Give again, exactly and only, the lines running from the one with "Tiro Cortado Pesca Rio — Fotografia de Stock" to the end of the material below; leave out pictures.

Segment Start: Excerpted data

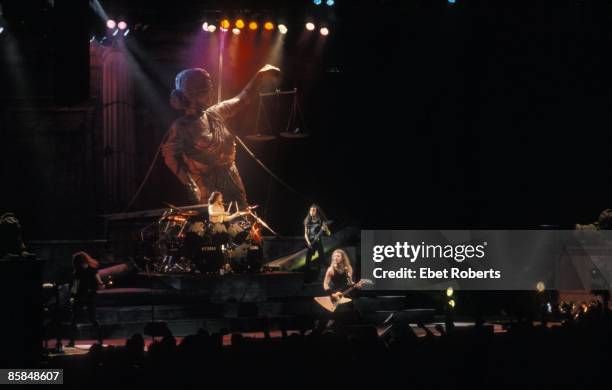 Photo of James HETFIELD and METALLICA and Jason NEWSTEAD and Lars ULRICH and Kirk HAMMETT; L-R: Jason Newstead, Lars Ulrich, Kirk Hammett, James...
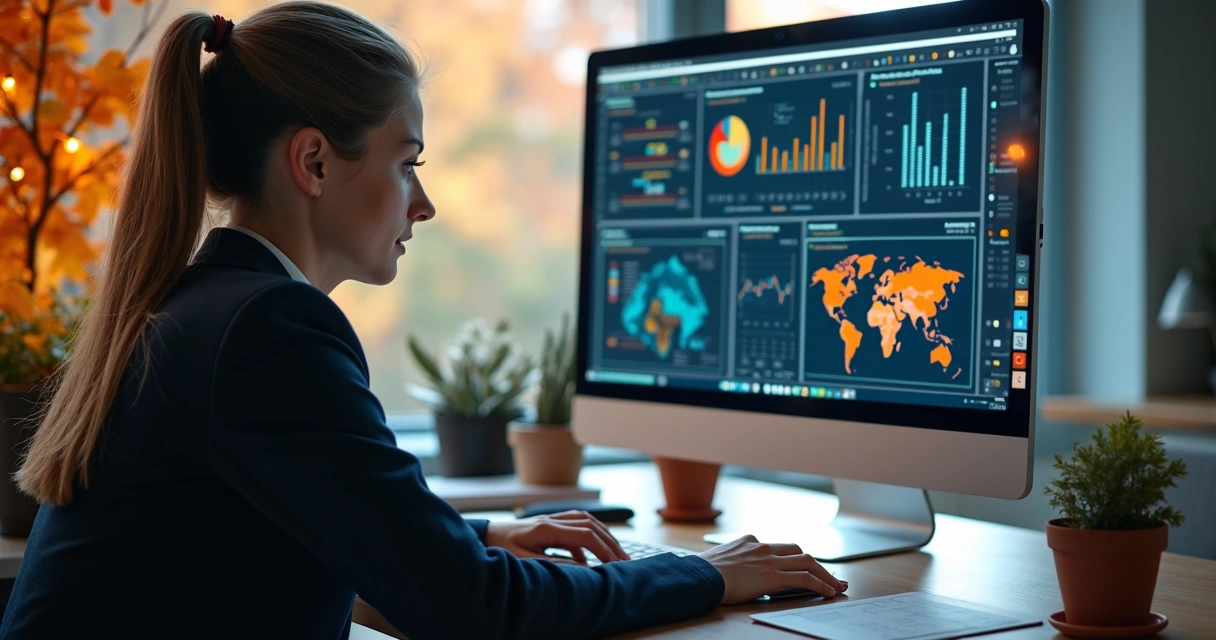 Profissional analisando listas de contatos em tela de computador 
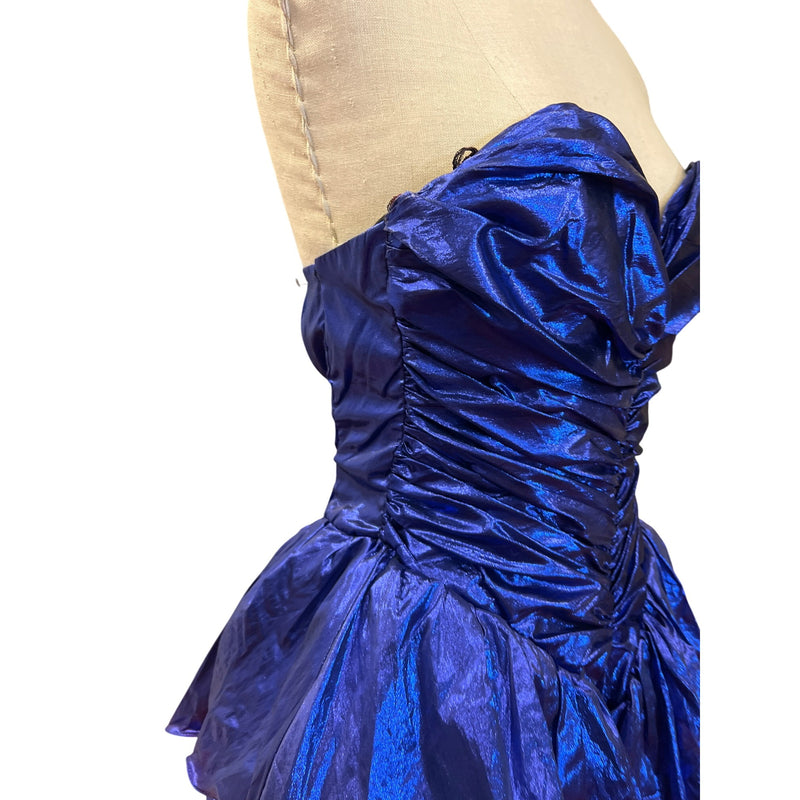 Vintage 80s Dress Metallic Purple Strapless Ruched Shiny Evening Gown Prom Dress With Sweetheart Neckline Volume Layered Skirt Homecoming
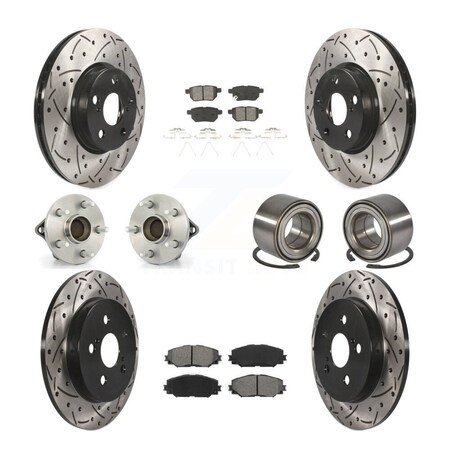 Transit Auto Front Rear Hub Bearing Coat Brake Rotor Pads Kit 10Pc For Toyota Corolla Matrix Pontiac KBB-107458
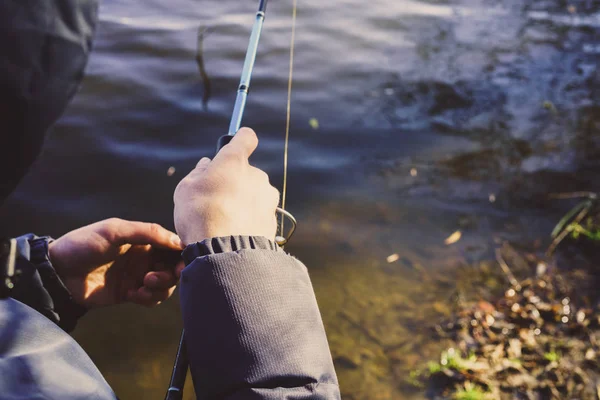 Tiro Cortado Pesca Rio — Fotografia de Stock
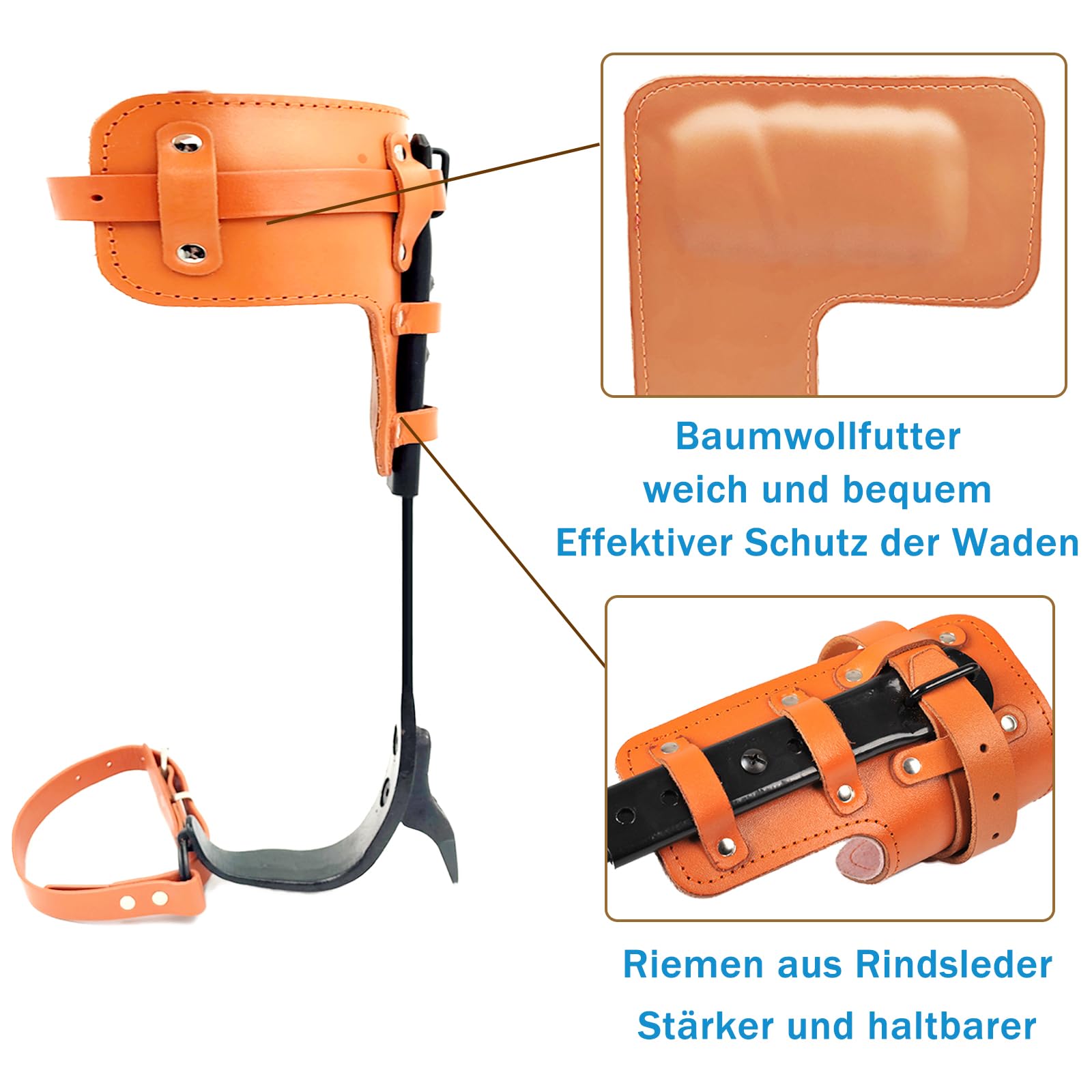 Crampons d'escalade d'arbre, équipement d'escalade d'arbre, hauteur réglable et avec lanières en cuir de vachette, chaussures d'escalade d'arbre, ensemble de crampons antidérapants pour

Segment End: Excerpted data

▶ Answer area:
 Tiro Cortado Pesca Rio — Fotografia de Stock
 Crampons d'escalade d'arbre, équipement d'escalade d'arbre, hauteur réglable et avec lanières en cuir de vachette, chaussures d'escalade d'arbre, ensemble de crampons antidérapants pour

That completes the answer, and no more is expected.